The electrochemical performances of the FeF₂@PDC composites cathode were evaluated in 2 M lithium bis (fluorosulfonylimide) (LiFSI) in dimethoxyethane (DME) electrolyte over a voltage window of 1–4 V (vs Li⁺/Li), which is far lower than that in other studies.^[7,18]We intentionally lowered the salt concentration to test our hypotheses that the composite cathode may suppress the electrolyte decomposition. We indeed achieved outstanding electrochemical performance for the FeF₂@PDC composite cathode even in significantly lower electrolyte concentration. Note that the capacity contribution from PDC was only 40 mAh g^–1 (Figure S10, Supporting Information). Rate tests show that the composite cathode discharges from 0.5 C (1 C = 571 mAh g–1) with a capacity over 600 mAh g^–1 to 60 C with a remarkable capacity of 107 mAh g^–1. The cell discharges back to 1 C with a capacity of 525 mAh g^–1, demonstrating the excellent rate capability and reversibility of the composite cathode (Figure 3a). The charge/discharge curves at different rate also correlated with the discharge capacity in the rate tests (Figure 3b). The slightly higher than theoretical capacity observed at 0.5 C at the initial cycles may be attributed to the CEI formation on PDC or FeF₂.^[6] The charge/discharge curves show that the voltage increases or decreases nearly monotonically with the capacity without apparent voltage plateaus, which is typical for FeF₂ cathode in ether-based electrolyte.^[6a,7] We further conducted cyclic voltammetry (CV) studies over the voltage window of 1–4V (vs Li⁺/Li) to elucidate the electrochemical conversion reaction mechanism (Figure S11, Supporting Information). The oxidation/reduction pair at 3.1V (OX1) and 1.75V (RE1) typically corresponds to the conversion reaction of FeF₂, confirming the reversible electrochemical reactions.^[6] The oxidation/reduction pair peaks at 3.5V (OX2) and 3.0V (RE2) are likely related to the formation of Fe³⁺ species at the cathode surface.^[6b,9,19]

Enlarge this image.

Figure 3. Electrochemical performance of FeF2@PDC/Li batteries cycled in 2 M LiFSI in DME. a), Rate performance of the FeF2@PDC cathode from 0.5 C to 60 C (1 C = 571 mAh g–1). b), Comparison of the rate performance for FeF2-based electrodes. c), Charge and discharge profiles at different C-rates. d), Charge and discharge profiles at 0.5 C. e), Long-term cycling performance of the FeF2@PDC cathode at 0.5 C. f), Long cycle performance at ultrahigh rate of 30 C and 60 C. The voltage range was limited from 1 to 4 V (vs Li+/Li)

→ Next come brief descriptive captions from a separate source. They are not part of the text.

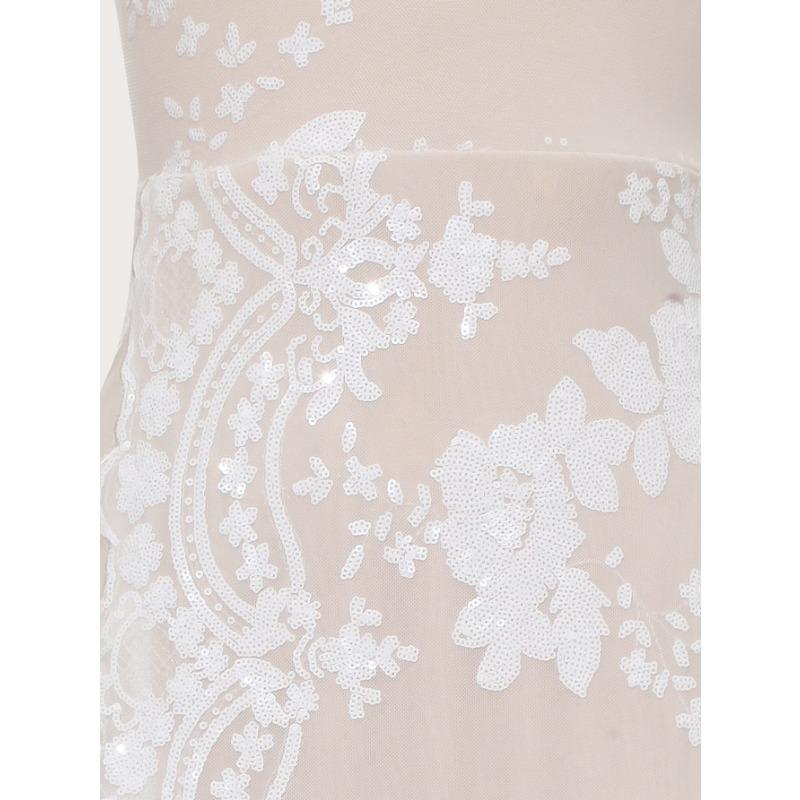 Женские летние тонкие длинные платья с пайетками и разрезом на бедрах и вышивкой на спине, с открытой спиной и лямкой на шее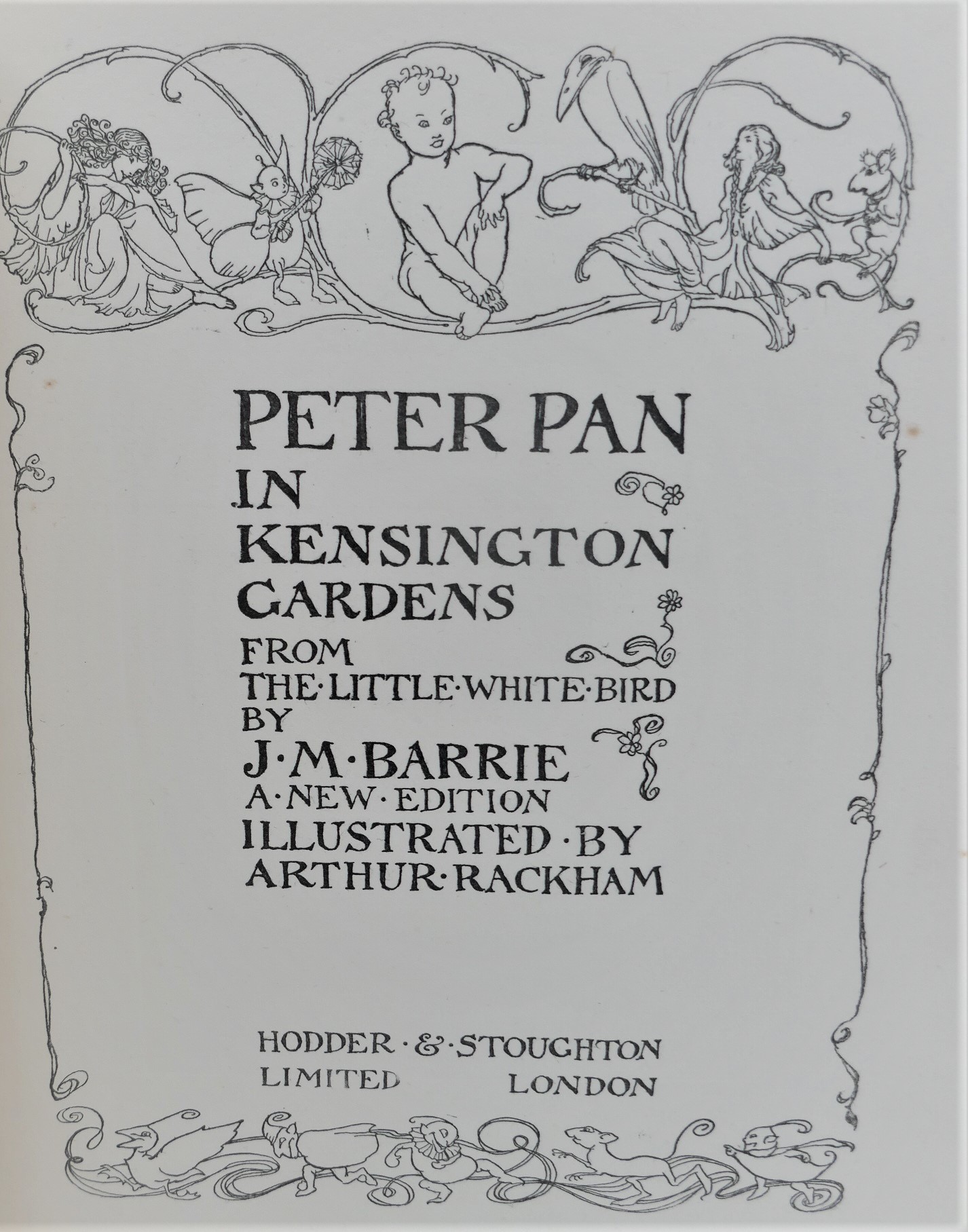 Peter Pan in Kensington Gardens. Illustrated by Arthur Rackham (1912) - Image 3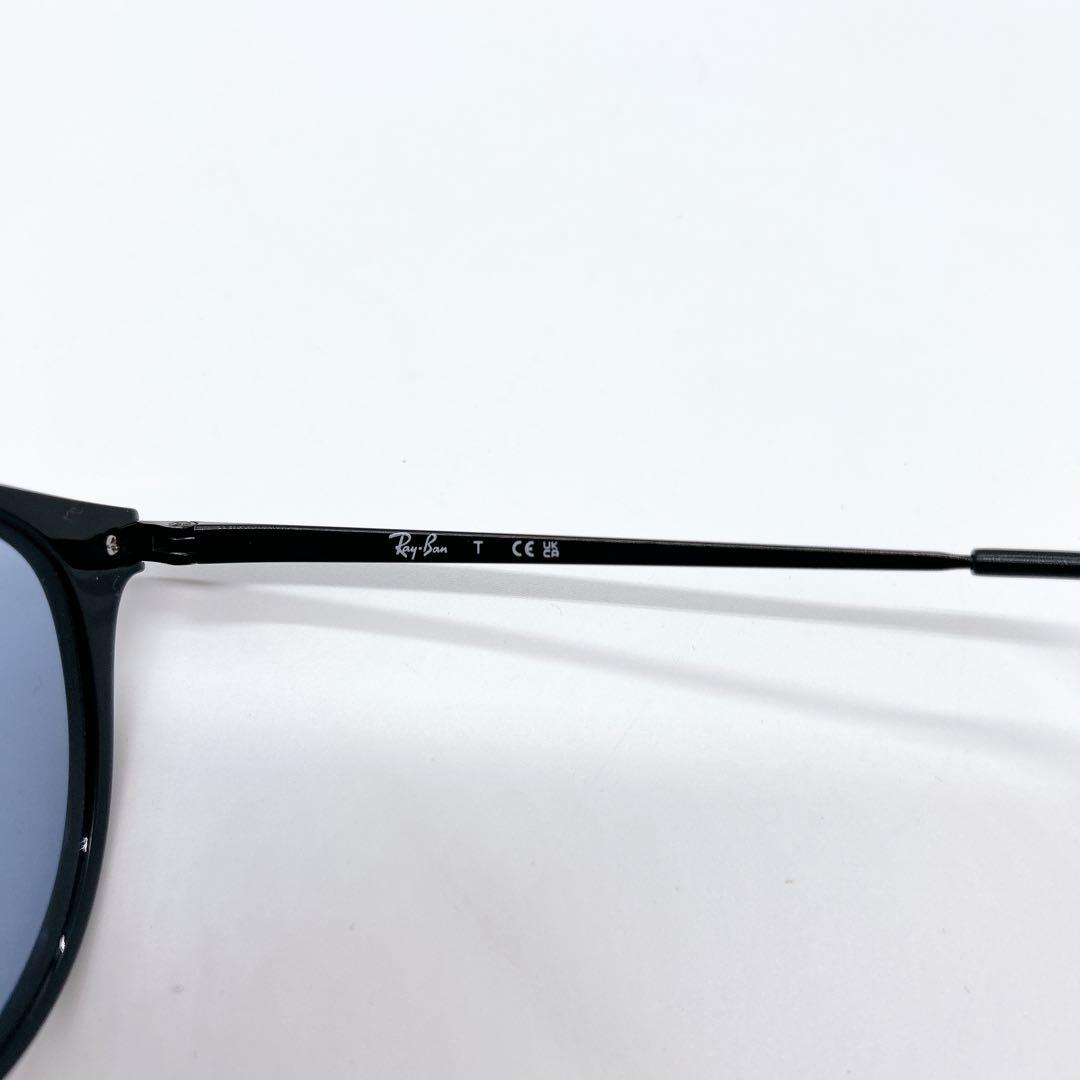 レイバン　RB4334D ブラック/ブルーレンズ　ケース、クロスセット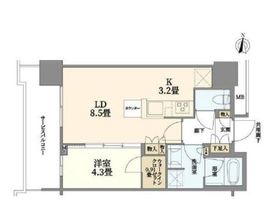 THE YOKOHAMA FRONT TOWER (ザ・ヨコハマフロントタワー) 17階 間取り図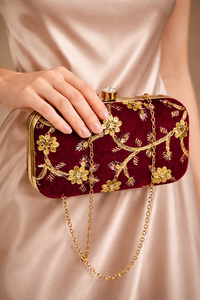 Handmade Luxury Designer Fashion <b>Bridal</b> Evening Wedding Crystal Rhinestone Magnetic Chain Strap Customized Colors <b>Box</b> Clutch Bag - Product Image 4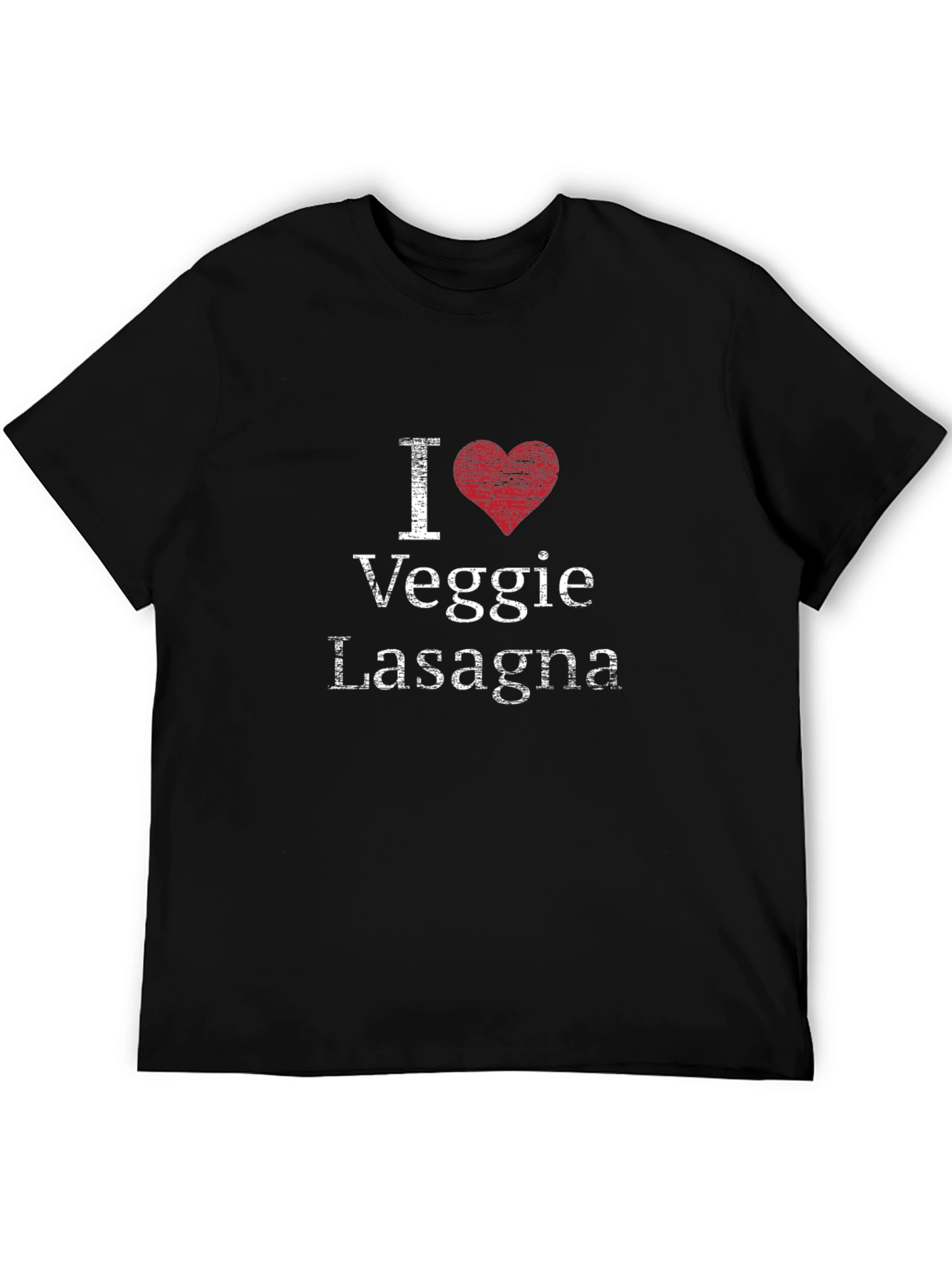 I Heart Veggie Lasagna T-Shirt - Novelty Graphic Tee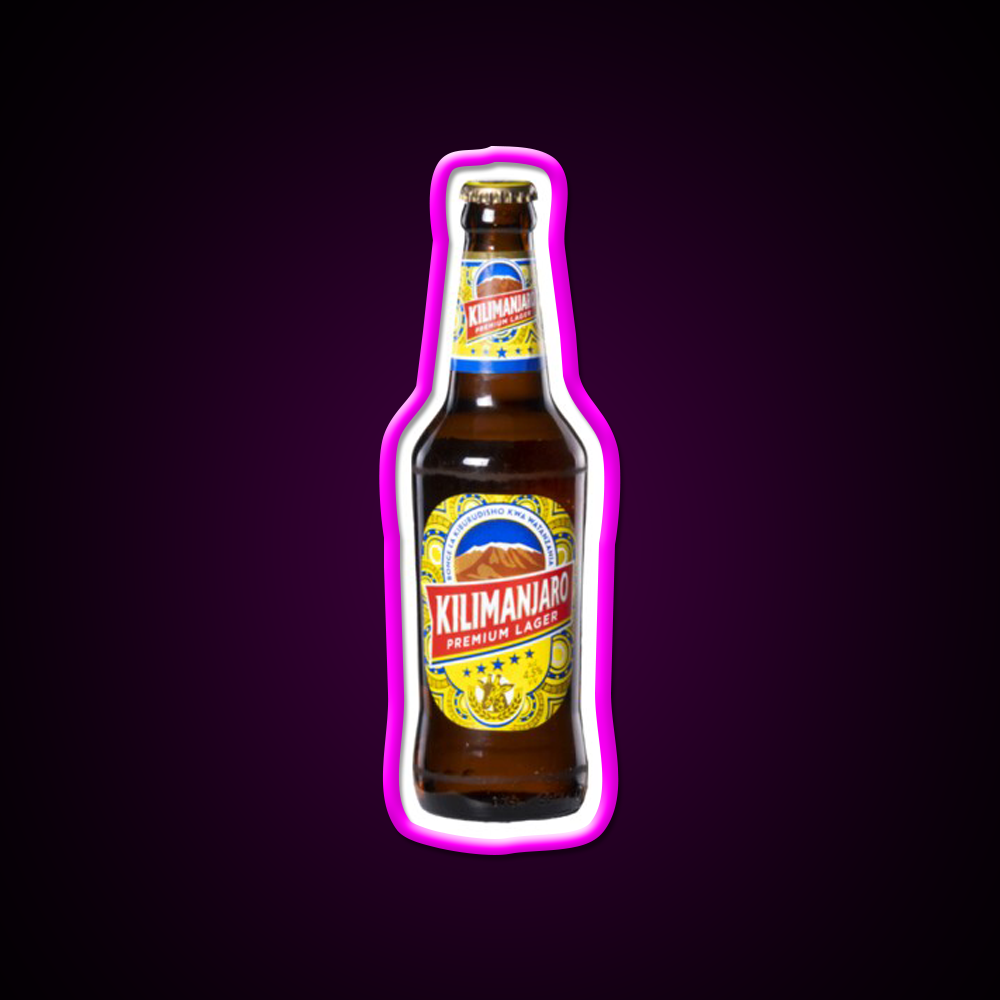 Kilimanjaro Beer Bar Decor Led Neon Sign Wall Art Rgb Color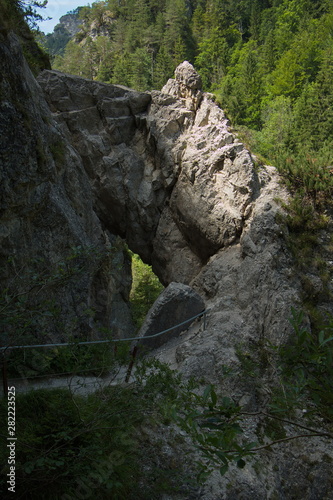 Hiking trail in Oetschergraben near to the Oetscher in Austria, Europe photo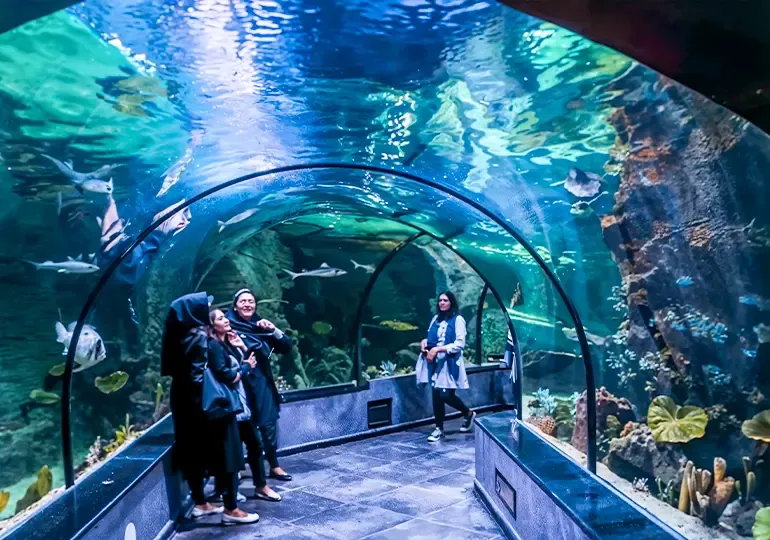 آکواریوم ۲۰ هزار لیتری کیش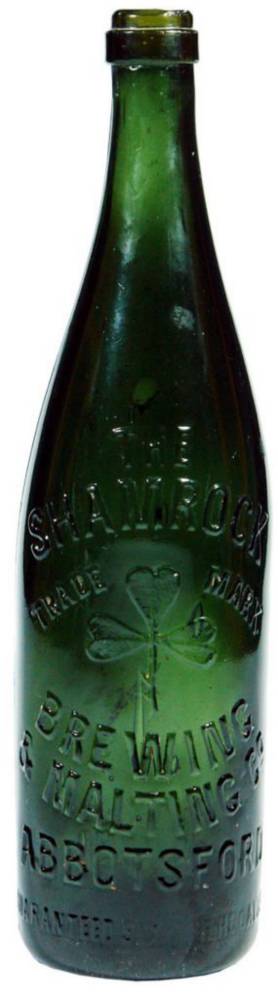 Shamrock Brewing Malting Abbotsford Ring Seal Beer Bottle
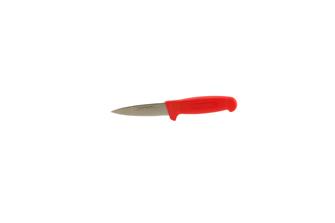 Couteau à saigner professionnel rouge 11 cm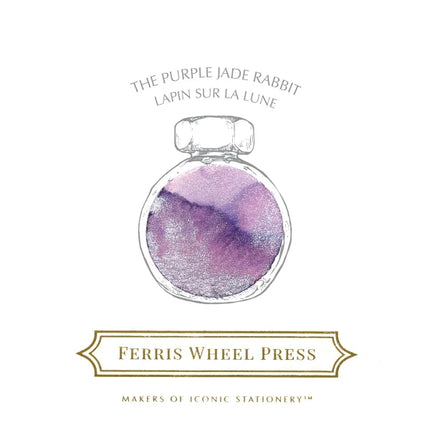 Ferris Wheel Press Fountain Pen Ink - Purple Jade Rabbit - Limited Edition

Note that MFs have poor Li⁺ transfer kinetics during cycling.^[20] The excellent rate capability is attributed to: 1) the nanosized FeF₂ which shortens the electron and Li⁺ transfer distance and 2) the PDC wrapped around the FeF₂ constitutes the electronic/ionic transport expressways for the nanosized FeF₂, as carbon is an excellent mixed ionic and electronic conductor.^[21] To further illustrate the advantages of our FeF₂@PDC cathode in enhanced electronic and ionic conductivity, we conducted (Electrochemical impedance spectroscopy) EIS measurements (Figure S12, Supporting Information) which show that the FeF₂@PDC electrode exhibits lower charge transfer resistance than the bare FeF2 electrode. Comparing our results to the state-of-the-art FeF₂ cathode studies (Table S1), our composite cathode shows the highest current density 60 C (34 A g^–1) while maintaining an outstanding discharge capacity of 107 mAh g^–1 (Figure 3c), which is in sharp contrast to most FeF_x cathodes that are hard to maintain an ideal capacity above 10 A g^–1, thanks to the novel structural design of the composite cathode.

Noteworthy that we achieved a long cycle life of over 1900 cycles with a reversible capacity of over 500 mAh g^–1 at 0.5 C (with >80% capacity retention), which is the longest cycle lifetime reported hitherto (Figure 3e). More details of the electrochemical performance in comparison with other studies are summarized in Table S2, Supporting Information. The corresponding voltage profiles show that the voltage hysteresis was larger in the initial cycles and gradually declined after 100 cycles (Figure 3d). The discharge plateau was obvious in the initial cycles and tended to be sloped afterward (Figure 3d). The formation of different intermediates may contribute to the sloping of discharge curves.^[17,22]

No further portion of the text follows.